Somehow Tinder is gross? Who would have thought it. The lawsuit against the hookup app company, brought by a co-founder (!), includes lots of allegations of sexual harassment, a general background of bro culture and devaluation of women's contributions, and also something about "a text depicting IAC Chairman Barry Diller as a penis." It makes the sexual harassment and discrimination lawsuit against Goldman look positively tame. But oh yeah -- there's a sexual harassment and discrimination lawsuit against Goldman, and the plaintiffs are trying to get it certified as a class action because of "widespread gender discrimination and a 'boy’s club' atmosphere that included bouts of binge drinking and trips to strip clubs."

Hedge fund correlation.

Josh Brown has a good succinct explanation: Markets are way up over the last few years, and "who the [bad word] wants to be non-correlated to that?"

So we see a drift toward market beta happening across the $2.7 trillion hedge fund industry. ... On the plus side, increased correlation with the market has been good for hedge fund investors -- markets have basically gone straight up, after all.

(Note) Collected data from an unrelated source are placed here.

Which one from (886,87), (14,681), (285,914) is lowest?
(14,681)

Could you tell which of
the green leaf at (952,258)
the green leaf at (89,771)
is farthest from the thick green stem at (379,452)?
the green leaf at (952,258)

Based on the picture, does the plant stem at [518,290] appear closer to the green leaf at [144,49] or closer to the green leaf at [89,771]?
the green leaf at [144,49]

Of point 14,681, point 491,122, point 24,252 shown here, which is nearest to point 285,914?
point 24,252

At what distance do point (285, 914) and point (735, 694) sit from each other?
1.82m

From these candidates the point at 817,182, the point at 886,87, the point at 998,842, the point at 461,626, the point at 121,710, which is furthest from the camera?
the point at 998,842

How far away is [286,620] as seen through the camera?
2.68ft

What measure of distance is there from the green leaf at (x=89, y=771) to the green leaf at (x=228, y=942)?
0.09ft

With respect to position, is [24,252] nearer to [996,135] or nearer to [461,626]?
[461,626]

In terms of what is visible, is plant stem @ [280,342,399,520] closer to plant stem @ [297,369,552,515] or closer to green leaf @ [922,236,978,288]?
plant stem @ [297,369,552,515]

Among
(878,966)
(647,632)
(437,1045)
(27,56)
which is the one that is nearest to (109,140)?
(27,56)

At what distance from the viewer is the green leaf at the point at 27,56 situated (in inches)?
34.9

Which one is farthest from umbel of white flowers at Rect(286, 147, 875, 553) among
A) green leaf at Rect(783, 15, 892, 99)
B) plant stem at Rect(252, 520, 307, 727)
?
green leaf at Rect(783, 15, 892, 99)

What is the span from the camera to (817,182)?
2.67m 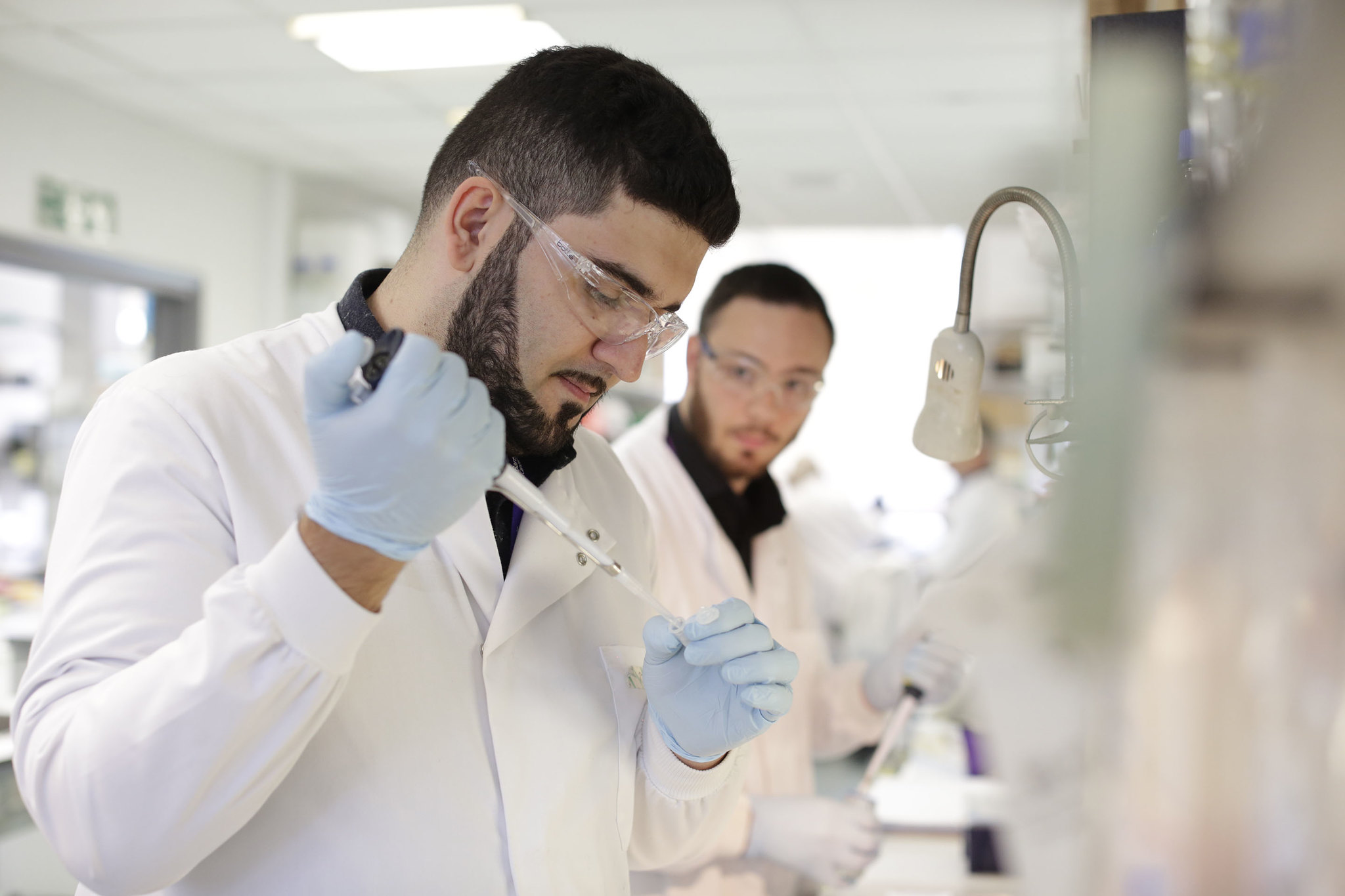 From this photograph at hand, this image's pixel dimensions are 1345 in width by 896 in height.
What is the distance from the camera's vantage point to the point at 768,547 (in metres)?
2.37

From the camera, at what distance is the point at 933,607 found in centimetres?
60

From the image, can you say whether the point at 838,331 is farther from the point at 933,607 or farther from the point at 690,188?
the point at 933,607

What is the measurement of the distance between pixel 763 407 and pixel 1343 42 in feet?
6.19

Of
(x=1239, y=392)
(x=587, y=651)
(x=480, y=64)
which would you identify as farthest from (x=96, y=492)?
(x=480, y=64)

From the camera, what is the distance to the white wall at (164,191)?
395 cm

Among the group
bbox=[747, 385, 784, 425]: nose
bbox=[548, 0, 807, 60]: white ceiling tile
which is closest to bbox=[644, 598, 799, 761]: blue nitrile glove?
bbox=[747, 385, 784, 425]: nose

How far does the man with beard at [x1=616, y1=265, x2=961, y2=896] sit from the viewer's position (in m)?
2.05

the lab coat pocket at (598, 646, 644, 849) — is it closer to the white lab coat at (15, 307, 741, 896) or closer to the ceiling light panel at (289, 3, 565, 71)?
the white lab coat at (15, 307, 741, 896)

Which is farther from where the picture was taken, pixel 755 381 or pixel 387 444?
pixel 755 381

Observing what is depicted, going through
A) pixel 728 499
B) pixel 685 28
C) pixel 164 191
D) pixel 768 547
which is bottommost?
pixel 768 547

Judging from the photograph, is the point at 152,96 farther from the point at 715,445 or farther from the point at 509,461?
the point at 509,461

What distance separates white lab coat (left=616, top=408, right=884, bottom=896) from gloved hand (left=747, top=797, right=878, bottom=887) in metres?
0.05

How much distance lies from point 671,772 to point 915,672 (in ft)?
3.39

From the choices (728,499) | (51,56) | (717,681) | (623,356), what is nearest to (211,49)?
(51,56) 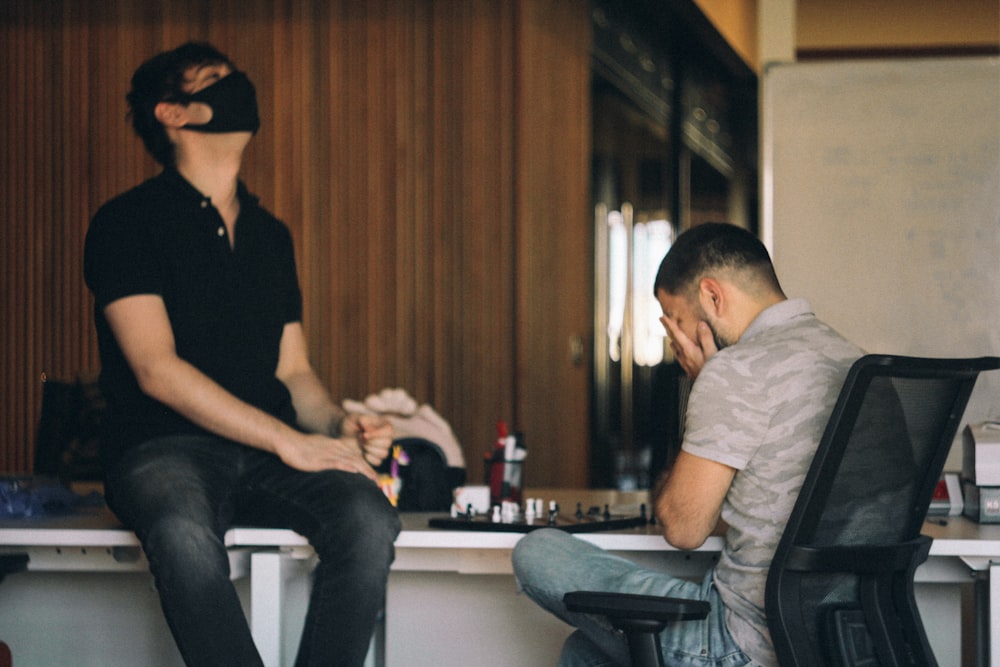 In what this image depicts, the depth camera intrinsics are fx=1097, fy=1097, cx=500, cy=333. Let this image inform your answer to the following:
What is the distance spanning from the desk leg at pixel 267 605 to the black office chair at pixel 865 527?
0.68 meters

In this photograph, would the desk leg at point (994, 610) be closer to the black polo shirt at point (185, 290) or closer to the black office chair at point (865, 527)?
the black office chair at point (865, 527)

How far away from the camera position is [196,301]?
228 cm

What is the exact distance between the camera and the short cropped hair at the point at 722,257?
1854mm

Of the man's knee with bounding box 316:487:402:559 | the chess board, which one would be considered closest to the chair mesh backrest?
the chess board

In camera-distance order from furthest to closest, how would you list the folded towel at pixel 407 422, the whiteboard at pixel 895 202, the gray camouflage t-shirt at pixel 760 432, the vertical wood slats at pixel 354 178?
1. the vertical wood slats at pixel 354 178
2. the whiteboard at pixel 895 202
3. the folded towel at pixel 407 422
4. the gray camouflage t-shirt at pixel 760 432

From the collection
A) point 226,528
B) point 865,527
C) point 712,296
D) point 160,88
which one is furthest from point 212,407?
point 865,527

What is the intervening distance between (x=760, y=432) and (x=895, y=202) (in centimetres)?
246

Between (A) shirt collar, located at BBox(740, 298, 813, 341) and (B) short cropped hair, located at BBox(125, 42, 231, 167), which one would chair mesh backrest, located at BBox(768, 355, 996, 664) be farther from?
(B) short cropped hair, located at BBox(125, 42, 231, 167)

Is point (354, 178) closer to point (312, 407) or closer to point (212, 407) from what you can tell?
point (312, 407)

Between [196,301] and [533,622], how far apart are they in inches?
39.0

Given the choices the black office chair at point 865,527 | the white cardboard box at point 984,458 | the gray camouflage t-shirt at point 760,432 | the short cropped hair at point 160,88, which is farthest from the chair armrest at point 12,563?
the white cardboard box at point 984,458

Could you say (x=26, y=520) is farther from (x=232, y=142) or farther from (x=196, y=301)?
(x=232, y=142)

On the minus side, you’ve certainly been paying through the nose for this .93 correlation -- if I sold you a Vanguard index fund and then deducted a 2% management fee along with 20% of each year’s gains, would you buy it? No? How about if I sweetened the deal by gating your assets so they couldn’t be touched most of the year, would that do the trick?

Things happen.

Jamie Dimon has cancer. Nicolas Sarkozy is in trouble. Prosecutors want to put Jesse Litvak in prison for nine years for making up stories about bonds. Rengan Rajaratnam's situation keeps improving. How to Delegate Your Email to an Assistant. How to stop your employees from streaming the World Cup. Two euros. "A leading hypothesis is that Belgium has benefited from not having a government." New SEC guidelines on proxy voting. Rob Ford was berated by, who else, a shirtless jogger. Bear eats cookies. Dogs eat chicken bones. Bitcoin pizza extortion.